__EXERCISE__.
From the data below, please reproduce exactly everything from the line that contains "FORNEY Forney 72760" down to the line that contains "Portrait of Theodorus Johannes Majofski", with both ends included.

:::::

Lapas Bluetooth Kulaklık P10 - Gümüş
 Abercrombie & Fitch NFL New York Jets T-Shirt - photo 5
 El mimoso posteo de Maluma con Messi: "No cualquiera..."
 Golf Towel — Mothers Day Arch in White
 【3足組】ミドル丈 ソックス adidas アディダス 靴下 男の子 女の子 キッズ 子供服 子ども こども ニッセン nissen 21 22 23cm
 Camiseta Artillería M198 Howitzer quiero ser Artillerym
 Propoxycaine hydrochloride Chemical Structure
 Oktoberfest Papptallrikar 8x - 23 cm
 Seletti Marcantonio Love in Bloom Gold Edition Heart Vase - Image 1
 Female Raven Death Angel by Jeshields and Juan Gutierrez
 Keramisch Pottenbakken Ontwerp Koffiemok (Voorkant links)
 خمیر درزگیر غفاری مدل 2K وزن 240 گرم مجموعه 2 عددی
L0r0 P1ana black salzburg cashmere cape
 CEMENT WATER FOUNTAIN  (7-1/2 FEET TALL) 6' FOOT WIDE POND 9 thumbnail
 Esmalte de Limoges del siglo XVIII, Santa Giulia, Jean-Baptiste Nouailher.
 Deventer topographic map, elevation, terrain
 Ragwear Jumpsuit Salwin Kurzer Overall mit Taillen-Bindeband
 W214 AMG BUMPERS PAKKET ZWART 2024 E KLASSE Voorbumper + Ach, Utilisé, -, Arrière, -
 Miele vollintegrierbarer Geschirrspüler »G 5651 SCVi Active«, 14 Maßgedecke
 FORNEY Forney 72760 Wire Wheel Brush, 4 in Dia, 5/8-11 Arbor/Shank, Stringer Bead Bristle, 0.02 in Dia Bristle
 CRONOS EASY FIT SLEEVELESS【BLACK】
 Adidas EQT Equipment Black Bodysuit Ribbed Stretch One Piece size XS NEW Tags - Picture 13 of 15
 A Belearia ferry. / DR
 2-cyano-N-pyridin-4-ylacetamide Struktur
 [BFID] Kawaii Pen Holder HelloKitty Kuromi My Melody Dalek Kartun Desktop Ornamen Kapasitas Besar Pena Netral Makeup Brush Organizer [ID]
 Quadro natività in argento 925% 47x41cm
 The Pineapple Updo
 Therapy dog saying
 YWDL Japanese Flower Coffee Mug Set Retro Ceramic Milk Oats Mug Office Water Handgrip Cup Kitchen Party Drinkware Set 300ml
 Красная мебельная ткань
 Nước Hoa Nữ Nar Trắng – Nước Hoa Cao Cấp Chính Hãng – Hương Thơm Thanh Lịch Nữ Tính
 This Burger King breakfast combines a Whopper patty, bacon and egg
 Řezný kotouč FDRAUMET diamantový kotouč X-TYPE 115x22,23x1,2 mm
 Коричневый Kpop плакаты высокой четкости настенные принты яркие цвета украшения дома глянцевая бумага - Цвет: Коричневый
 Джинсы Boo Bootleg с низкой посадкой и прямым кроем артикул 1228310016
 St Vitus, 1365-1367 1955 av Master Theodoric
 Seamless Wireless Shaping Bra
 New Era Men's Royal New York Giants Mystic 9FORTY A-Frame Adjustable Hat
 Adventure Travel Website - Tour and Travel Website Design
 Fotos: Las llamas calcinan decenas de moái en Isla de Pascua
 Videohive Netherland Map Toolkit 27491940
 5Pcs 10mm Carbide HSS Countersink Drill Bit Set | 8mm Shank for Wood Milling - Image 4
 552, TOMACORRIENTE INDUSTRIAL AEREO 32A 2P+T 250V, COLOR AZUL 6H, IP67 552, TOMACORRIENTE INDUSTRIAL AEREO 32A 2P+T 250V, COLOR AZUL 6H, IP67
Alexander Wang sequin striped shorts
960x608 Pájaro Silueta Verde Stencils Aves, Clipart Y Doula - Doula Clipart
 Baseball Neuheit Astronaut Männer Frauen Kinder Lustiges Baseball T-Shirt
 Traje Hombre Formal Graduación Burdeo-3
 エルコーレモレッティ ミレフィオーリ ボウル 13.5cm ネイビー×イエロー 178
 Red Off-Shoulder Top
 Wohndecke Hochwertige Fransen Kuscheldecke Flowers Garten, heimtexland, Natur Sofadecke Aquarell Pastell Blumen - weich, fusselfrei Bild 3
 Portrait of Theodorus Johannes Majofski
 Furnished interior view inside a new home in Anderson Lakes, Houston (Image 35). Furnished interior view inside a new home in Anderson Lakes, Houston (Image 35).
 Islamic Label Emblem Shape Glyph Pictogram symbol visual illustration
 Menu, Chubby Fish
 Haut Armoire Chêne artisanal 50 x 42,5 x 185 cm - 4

:::::

__OUTPUT BELOW__.
 FORNEY Forney 72760 Wire Wheel Brush, 4 in Dia, 5/8-11 Arbor/Shank, Stringer Bead Bristle, 0.02 in Dia Bristle
 CRONOS EASY FIT SLEEVELESS【BLACK】
 Adidas EQT Equipment Black Bodysuit Ribbed Stretch One Piece size XS NEW Tags - Picture 13 of 15
 A Belearia ferry. / DR
 2-cyano-N-pyridin-4-ylacetamide Struktur
 [BFID] Kawaii Pen Holder HelloKitty Kuromi My Melody Dalek Kartun Desktop Ornamen Kapasitas Besar Pena Netral Makeup Brush Organizer [ID]
 Quadro natività in argento 925% 47x41cm
 The Pineapple Updo
 Therapy dog saying
 YWDL Japanese Flower Coffee Mug Set Retro Ceramic Milk Oats Mug Office Water Handgrip Cup Kitchen Party Drinkware Set 300ml
 Красная мебельная ткань
 Nước Hoa Nữ Nar Trắng – Nước Hoa Cao Cấp Chính Hãng – Hương Thơm Thanh Lịch Nữ Tính
 This Burger King breakfast combines a Whopper patty, bacon and egg
 Řezný kotouč FDRAUMET diamantový kotouč X-TYPE 115x22,23x1,2 mm
 Коричневый Kpop плакаты высокой четкости настенные принты яркие цвета украшения дома глянцевая бумага - Цвет: Коричневый
 Джинсы Boo Bootleg с низкой посадкой и прямым кроем артикул 1228310016
 St Vitus, 1365-1367 1955 av Master Theodoric
 Seamless Wireless Shaping Bra
 New Era Men's Royal New York Giants Mystic 9FORTY A-Frame Adjustable Hat
 Adventure Travel Website - Tour and Travel Website Design
 Fotos: Las llamas calcinan decenas de moái en Isla de Pascua
 Videohive Netherland Map Toolkit 27491940
 5Pcs 10mm Carbide HSS Countersink Drill Bit Set | 8mm Shank for Wood Milling - Image 4
 552, TOMACORRIENTE INDUSTRIAL AEREO 32A 2P+T 250V, COLOR AZUL 6H, IP67 552, TOMACORRIENTE INDUSTRIAL AEREO 32A 2P+T 250V, COLOR AZUL 6H, IP67
Alexander Wang sequin striped shorts
960x608 Pájaro Silueta Verde Stencils Aves, Clipart Y Doula - Doula Clipart
 Baseball Neuheit Astronaut Männer Frauen Kinder Lustiges Baseball T-Shirt
 Traje Hombre Formal Graduación Burdeo-3
 エルコーレモレッティ ミレフィオーリ ボウル 13.5cm ネイビー×イエロー 178
 Red Off-Shoulder Top
 Wohndecke Hochwertige Fransen Kuscheldecke Flowers Garten, heimtexland, Natur Sofadecke Aquarell Pastell Blumen - weich, fusselfrei Bild 3
 Portrait of Theodorus Johannes Majofski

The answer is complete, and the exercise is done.